Jak kolejność losowania została przyjęta przez polskie media? Euforii nie ma. „Historia pokazuje, że znacznie większe emocje wywołują występy w środku lub pod koniec stawki…” – komentuje portal Eska.pl. W innym artykule tego samego portalu pojawia się opinia, że „Michał Szpak straci szansę na dobrą lokatę, bo organizatorzy „nie lubią Polski”?!”. Eska przejrzała komentarze internautów i podsumowuje opinie: „Obserwatorzy Eurowizji intensywnie komentują informację o kolejności występów na oficjalnej stronie konkursu. Większość z nich jest zgodna – Polska na Eurowizji 2016 dostała wyjątkowo niekorzystną pozycję, przez co nasze szanse na wygraną drastycznie spadły! Uwadze internautów nie uszedł także fakt, że najlepsze pozycje startowe otrzymały kraje, z którymi Szwecja sympatyzuje, a także te, których reprezentanci wykonują piosenki współtworzone przez szwedzkich kompozytorów i producentów. doświadczenie pokazuje bowiem, że największe emocje wzbudzają występy w środku i pod koniec koncertu półfinałowego.„
Party.pl podaje natomiast statystyki przytoczone też przeze mnie: „Czy to dobra pozycja startowa? Okazuje się, że niekoniecznie. Statystki mówią jasno – jeszcze żaden artysta nie wygrał Eurowizji startując z drugiej pozycji. Jednak jeśli chodzi o półfinały jest nieco inaczej – od 2008 roku, gdy wprowadzono system dwóch półfinałów, artyści z numerem drugim aż 9 razy awansowali do finału, a tylko 7 razy im się to nie udało„. 83% czytelników głosujących w ankiecie portalu uważa jednak, że dobry wokal Michała się obroni. Tylko 17% sądzi, że Polska przepadnie w półfinale. JastrzabPost dodaje: „W środowisku eurowizyjnym panuje „klątwa drugiej pozycji startowej na Eurowizji”. W całej historii konkursu nigdy nie zwyciężyli artyści, którzy z takim numerem występowali na scenie. Udało się kilku osobom z miejsca 1., udało z miejsca trzeciego i wszystkich pozostałych. Ale nikt nigdy nie wygrał nikt z miejsca 2. Aż czterokrotnie wygrywano z miejsca 17. w ostatnich 20-u latach konkursu. Na szczęście w przypadku półfinałów sytuacja wygląda nieco bardziej optymistycznie.” Czytelnicy portalu mają okazję głosować na najlepszą piosenkę Eurowizji 2016. Wygrywa…Polska, która ma 49% głosów. Drugie miejsce ma Rosja (7%), trzecie Chorwacja (5%).

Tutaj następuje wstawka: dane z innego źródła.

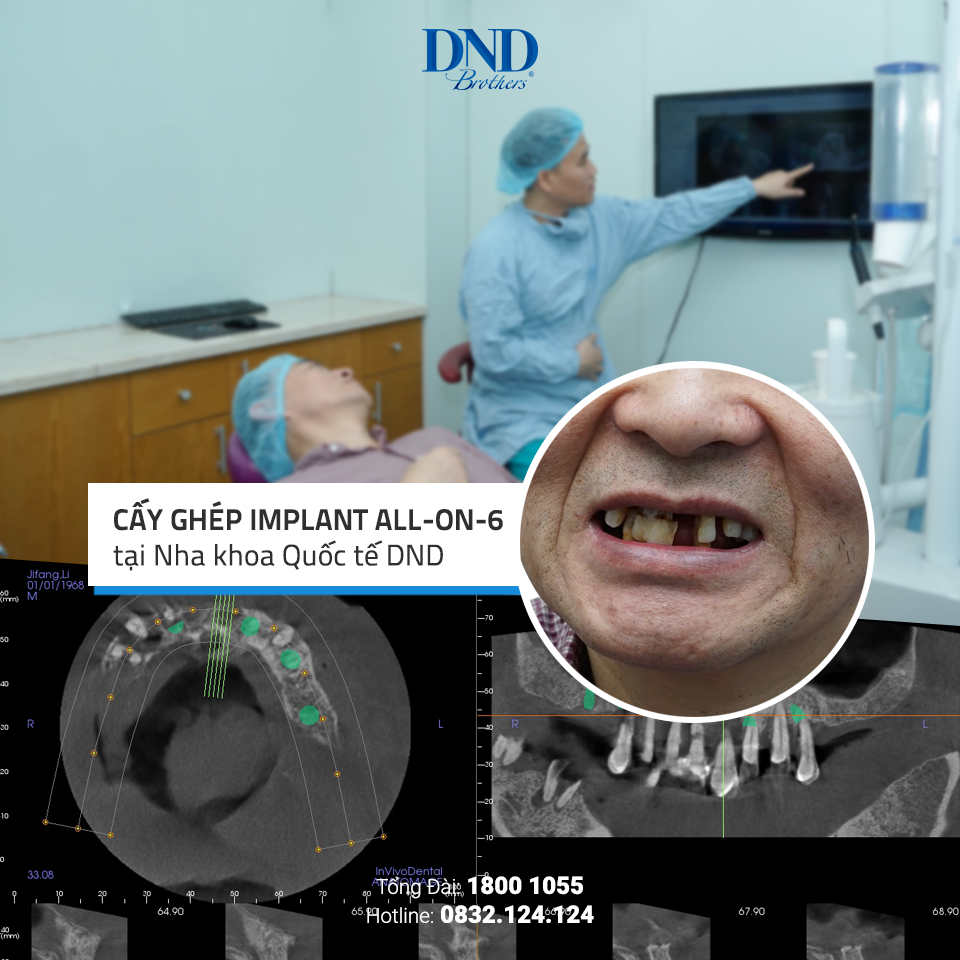 Một ca cấy ghép Implant tại Nha khoa Quốc tế DND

Moim zdaniem EBU powinno wrócić do losowania pozycji startowych. Było to bardziej sprawiedliwe. Celowo tak ustawili, bo wiedzą, iż w finale walka o pierwsze miejsce rozegra się między Rosją, Australią i Maltą.
A do Szpaka to niestety wydaje mi się, że przepadnie w półfinale.